BEGIN Given records

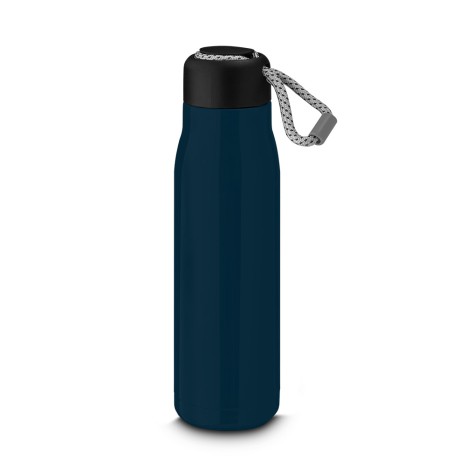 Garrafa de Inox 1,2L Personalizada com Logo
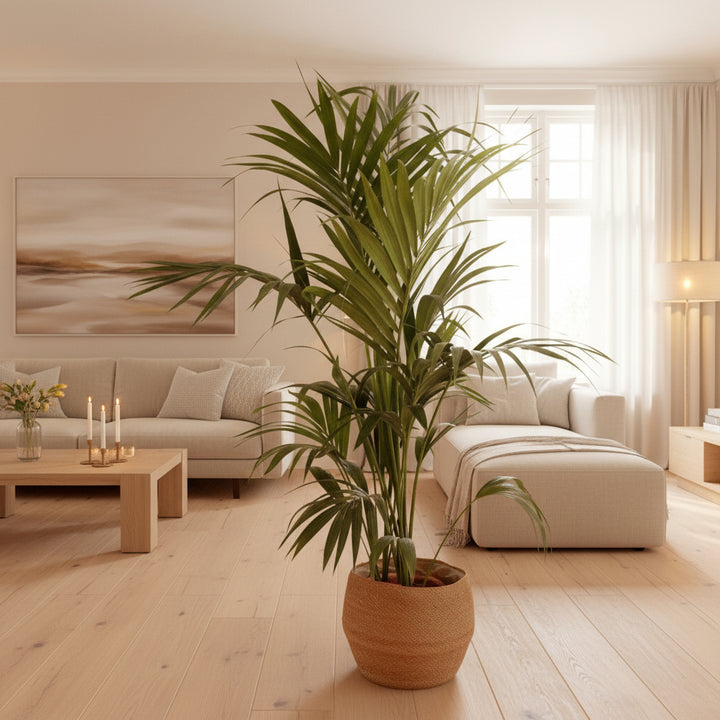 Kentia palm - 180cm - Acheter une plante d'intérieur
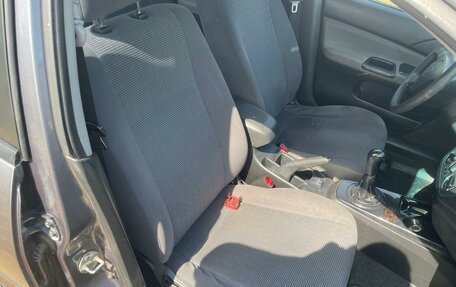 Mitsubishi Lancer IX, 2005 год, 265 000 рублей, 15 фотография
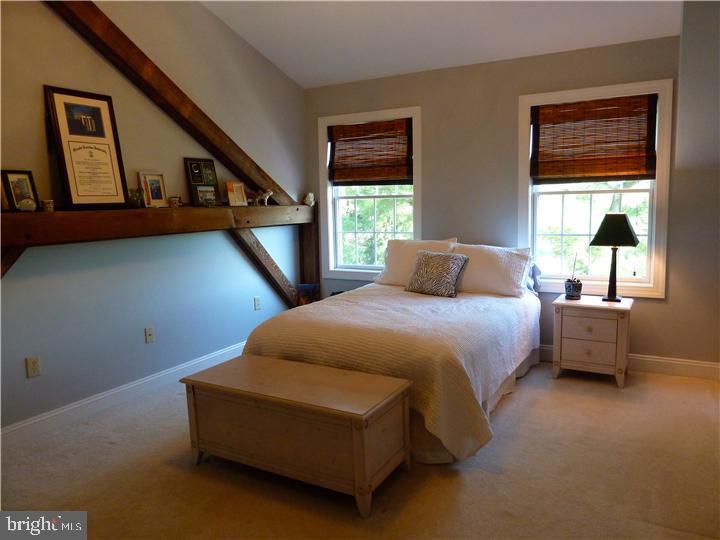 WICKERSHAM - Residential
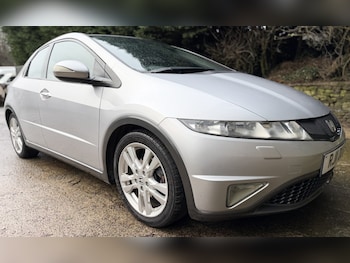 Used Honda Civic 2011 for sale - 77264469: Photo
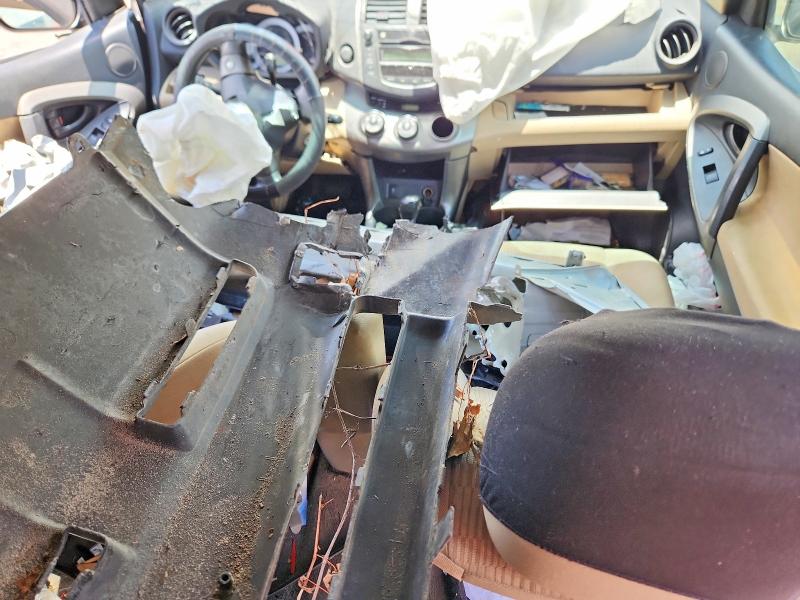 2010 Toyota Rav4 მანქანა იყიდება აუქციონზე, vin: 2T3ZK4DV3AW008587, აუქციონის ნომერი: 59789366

END Given records

- **About this exercise**
What is needed is a word-for-word restatement of the entries, minus any pictures.

- **Response to the task**
 Garrafa de Inox 1,2L Personalizada com Logo
 Kentia palm - 180cm - Acheter une plante d'intérieur
 Mitsubishi Lancer IX, 2005 год, 265 000 рублей, 15 фотография
 WICKERSHAM - Residential
 Used Honda Civic 2011 for sale - 77264469: Photo
 2010 Toyota Rav4 მანქანა იყიდება აუქციონზე, vin: 2T3ZK4DV3AW008587, აუქციონის ნომერი: 59789366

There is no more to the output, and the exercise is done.